One issue the American people likely are not going to hear about in this presidential campaign are arguments for slashing a bloated Pentagon down to size.
No matter that each passing day brings some new revelation of gross mismanagement, cronyism, waste, and extra-legal activity, it is a topic no candidate for the White House dares to broach lest he or she be deemed “naïve” or “soft” on the subject of defense.
Yet, the military-industrial complex(MIC) is here and it is running this nation into the ground, sucking trillions of dollars out of taxpayers’ wallets and, by starving other human services, laying waste to civilian sectors in urgent need of repair and regeneration.
The MIC is a beast without a heart, without compassion. It will wage war anywhere in the world, on any lie or pretext, sending thousands or millions to their deaths. It is devoid of morality; it has learned nothing from religious teachings except lip-service; and its civilian employees go to their jobs manufacturing nuclear weapons and aircraft carriers as though they were harvesting apple orchards or planting roses.
When the Pentagon was under construction, members of the Roosevelt cabinet questioned the wisdom of bringing together under one roof the numerous military offices scattered around Washington, D.C. They feared the impending consolidation of awesome martial powers into one of the greatest structures on earth; they worried, too, that the war machine might take on a life of its own.
Tragically, their fears have been realized. As James Carroll writes in “House of War”(Houghton Mifflin), by 1965 nearly 6 million Americans were employed in Pentagon-run enterprises. After all, in the 20 years following World War II, “the Pentagon spent nearly $100 billion, ten times the federal expenditures devoted to all aspects of health, education, and welfare in the same period.”
By 1997, Father Philip Berrigan, humanitarian and anti-war activist, could tell the judge who would shortly sentence him to two years in prison for spilling blood on a U.S. warship: “The United States has spent fourteen trillion dollars on arms since 1946. Our government has intervened in the affairs of fifty nations and has violated the laws of God and humanity by designing, deploying, using, and threatening to use atomic weapons.”
Carroll sees it in much the same light: “The Pentagon is now the dead center of an open-ended martial enterprise that no longer pretends to be defense…the Pentagon has, more than ever, become a place to fear.”
“What the Bush administration has done,” Carroll writes, “is to lay bare the real character of the ‘disastrous rise’ of Pentagon power of which Eisenhower warned in 1961. In Iraq, despite America’s overwhelming military might, there will be no winning ever.”
Carroll’s words sound more prophetic each time another general testifies the Pentagon is “making progress” but the situation remains “fragile” and so we must stay on an on.

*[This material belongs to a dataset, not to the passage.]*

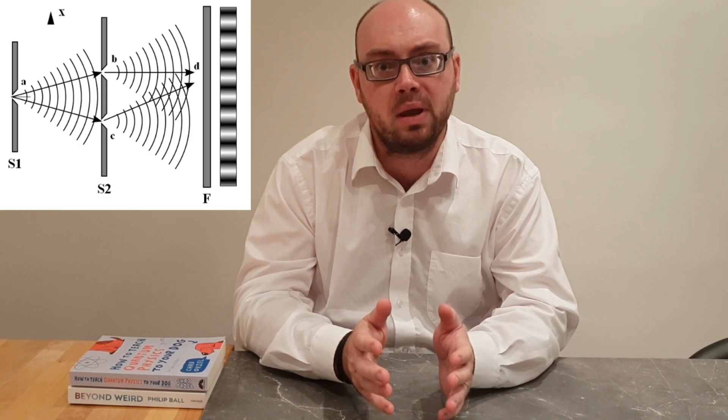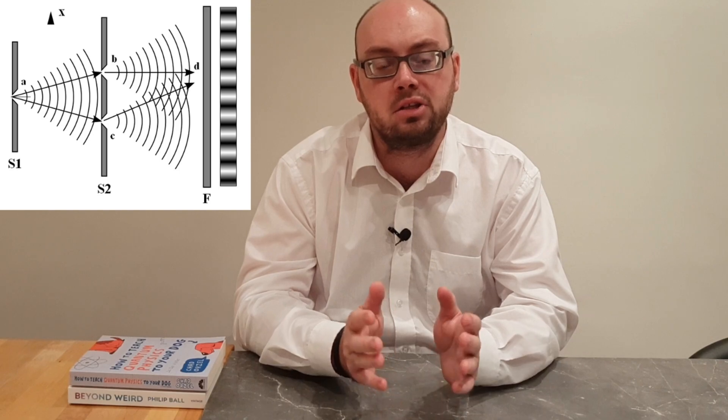The interference experiment by Thomas Young, otherwise explained as the double slit experiment, can demonstrate how light operates as both a particle and as a wave.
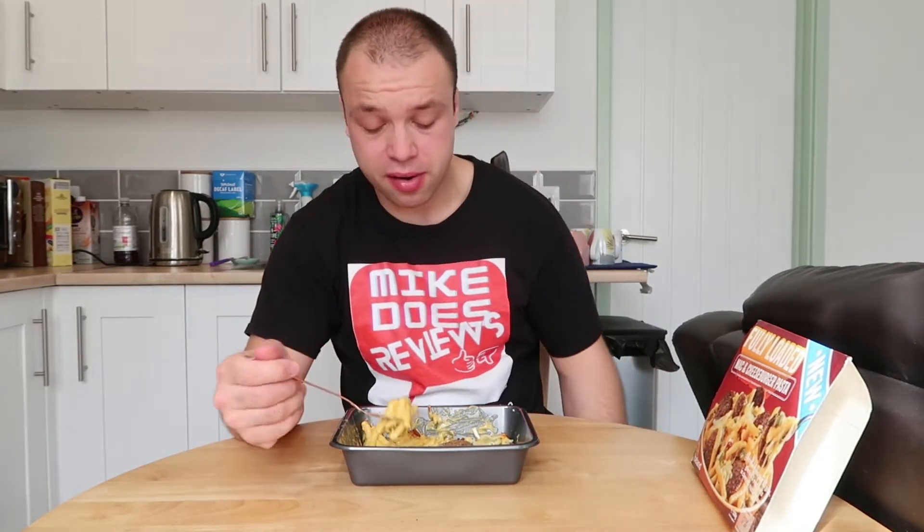It does taste really nice, it does taste really good. If I could give it a rating out of 10, probably like a 7. It wasn't as good as the all day breakfast because I love all day breakfasts. This is nice, it is very good, but it's nothing outstanding. It is what it says on the packaging really — that's all you can ask for.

Two years ago Carroll literally predicted Senator John McCain’s comment about staying in Iraq for a hundred years if need be, writing, “there will be no winning ever. Whether the U.S. occupation is terminated abruptly or is maintained for years, violence and mayhem will define Iraq indefinitely, while the rest of the Middle East copes with Iraqi-spawned waves of chaos.”
McCain says, if elected, he will be out of Iraq by 2013, but as Senator Joseph Biden pointed out in a recent talk carried on C-Span, McCain gave no specifics. And so one begins to suspect the goal in Iraq is not necessarily to win a war but to make war again and again, forever and a day, so the MIC can prosper while non-defense sectors starve, so that government contractors can erect a monster embassy in Baghdad and huge, permanent military bases nearby to dominate the oil-rich Middle East.
Carroll writes the U.S. under President Bush has “normalized” war: “Not noted by most Americans, a new archipelago of U.S. military bases stretched across the Middle East into the heart of the former Soviet Union…Such forward basing of forces was designed to control, by means of ‘regime change’ and ‘prevention,’ emerging political trends around the globe, with the unabashed goal of guaranteeing U.S. dominance everywhere.” (America operates about 1,000 military bases at home and more than 700 overseas.)
“Such a strategy,” Carroll goes on to write, “assumes not only the possession of unparalleled military power but the display of it and the ready use of it. Under George W. Bush, a self-styled war president, ‘the normalization of war’ was thus established.”
What’s more, Carroll writes, under former Defense Secretary Donald Rumsfeld, the Pentagon in 2002 embarked “on the stunning project of developing a new generation of nuclear weapons including a burrowing device designed to go after underground targets and ‘mini-nukes’ to be used in concert with a conventional attack.”
The effect of all this, Carroll writes, “is to legitimize nuclear-based power politics, giving other nations, friend and foe alike, compelling reasons to acquire a nuclear capacity, if only for deterrence, and prompting them to behave in similar ways.”
Carroll says the U.S. return to nuclear development was to spur Iran and North Korea to become nuclear-capable and to make states that renounced the atom---such as Brazil, Egypt, South Africa--- rethink that decision. Meanwhile, Carroll says, Russia, China, Israel, India and Pakistan “are all furiously adding to their nuclear arsenals” and “The Pentagon has become the engine of proliferation.”